> _Your instructions_: Restate every line below word for word, but drop each picture.

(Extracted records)

========================

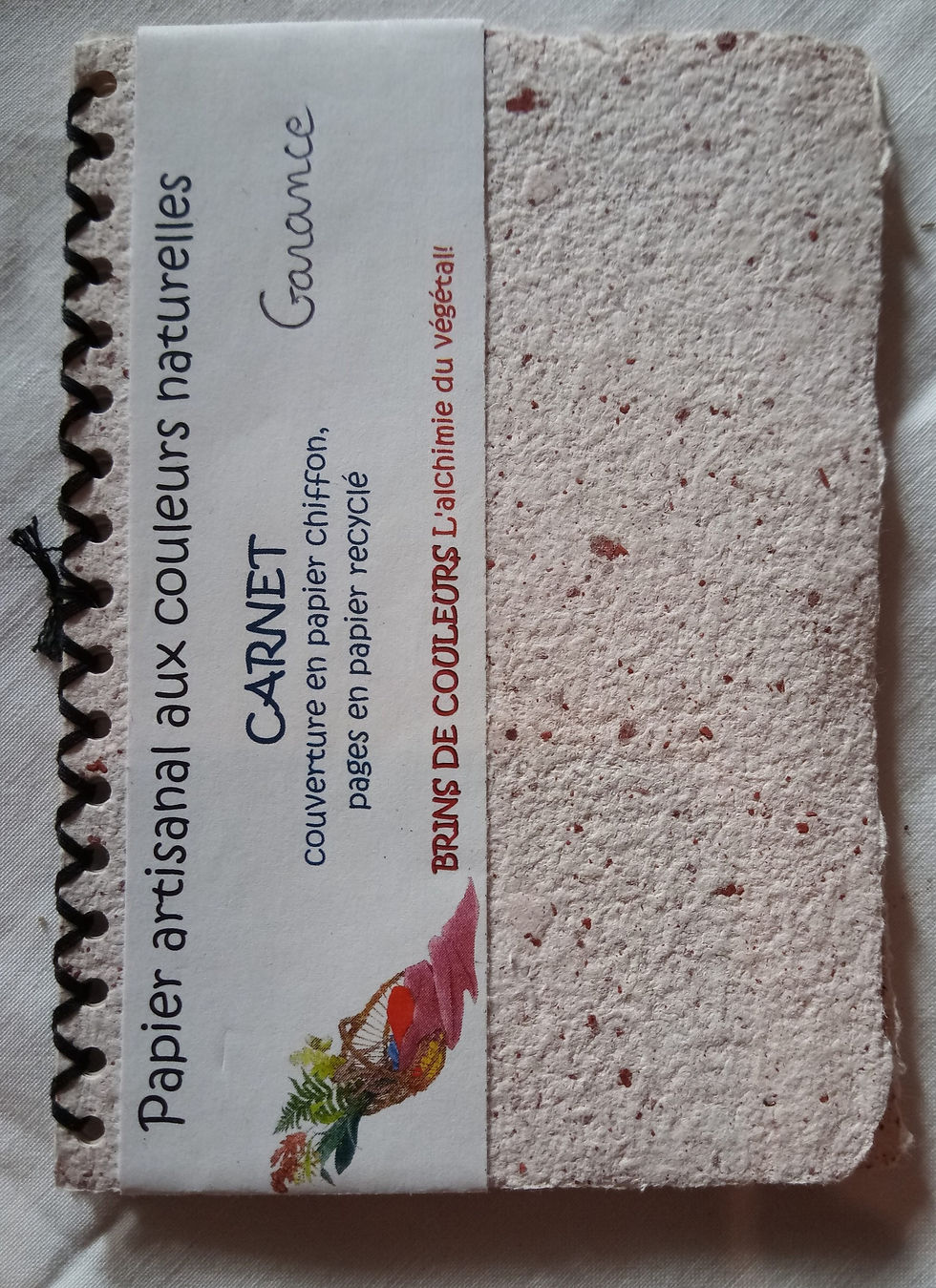 Miniature : Carnet A6 "Garance"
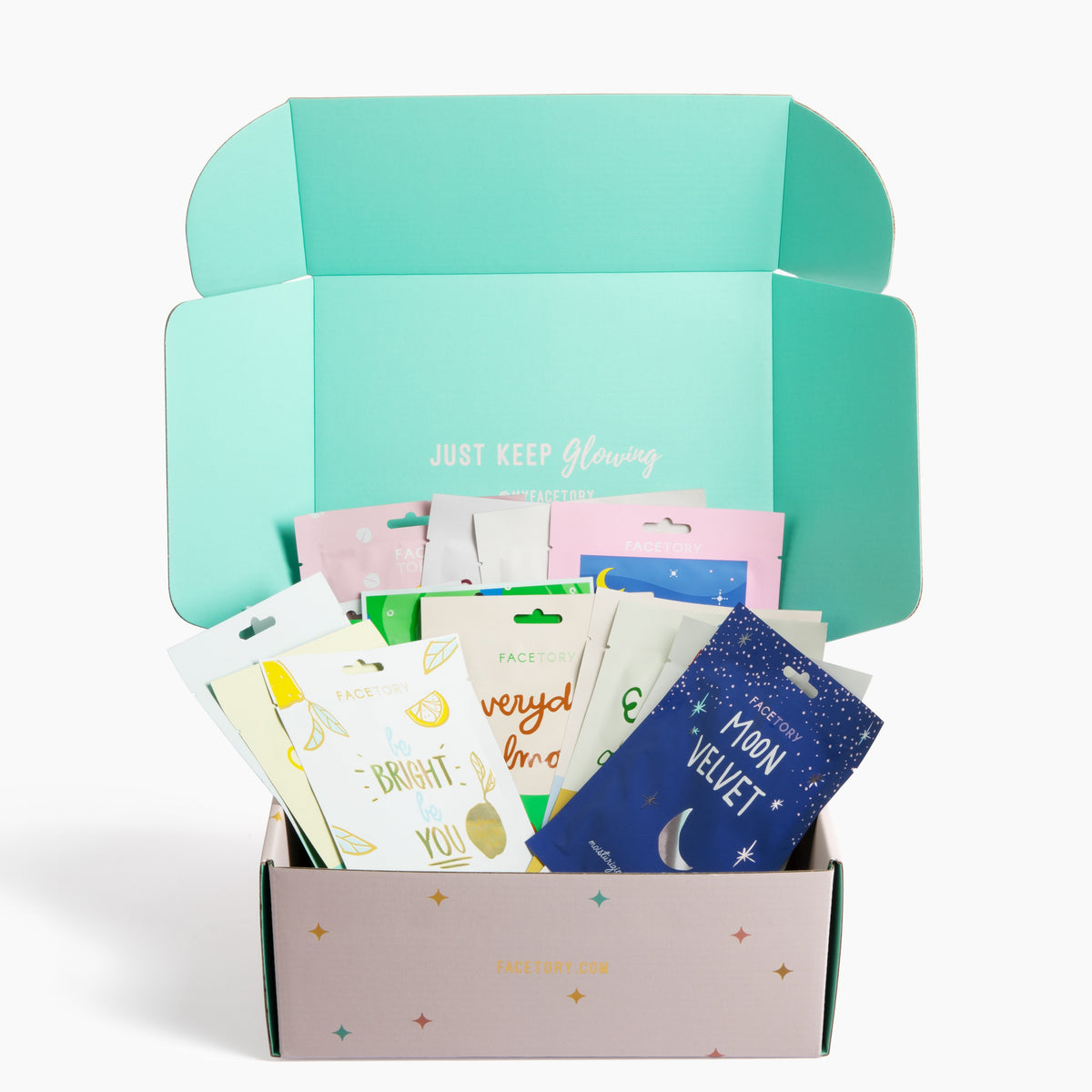 Practical Living K Beauty Face Mask Set for daily home and personal routines with facial skin and sun care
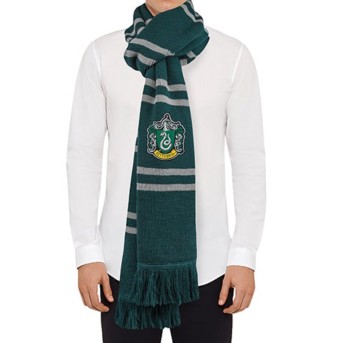 Bufanda Deluxe Slytherin 250 cm - Harry Potter
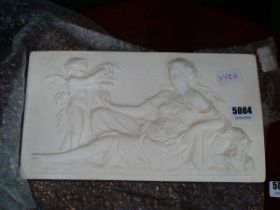 Classical style plaster panel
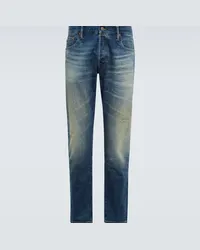 Ralph Lauren Jeans slim Sullivan Blu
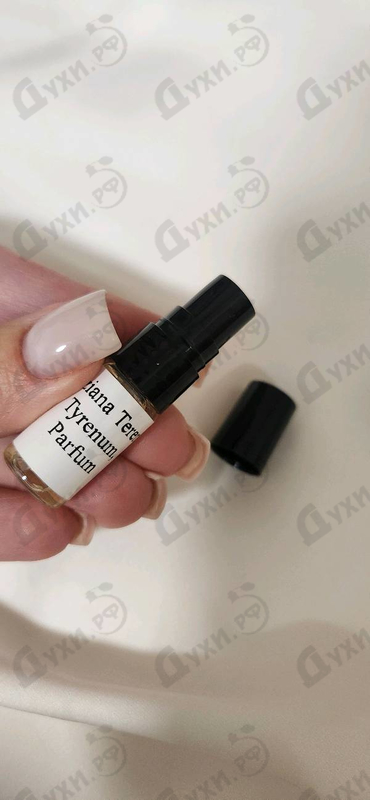 Духи Tyrenum от Tiziana Terenzi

========================

> _Result_:
 Miniature : Carnet A6 "Garance"
 Practical Living K Beauty Face Mask Set for daily home and personal routines with facial skin and sun care
 Bufanda Deluxe Slytherin 250 cm - Harry Potter
 Classical style plaster panel
 Ralph Lauren Jeans slim Sullivan Blu
 Духи Tyrenum от Tiziana Terenzi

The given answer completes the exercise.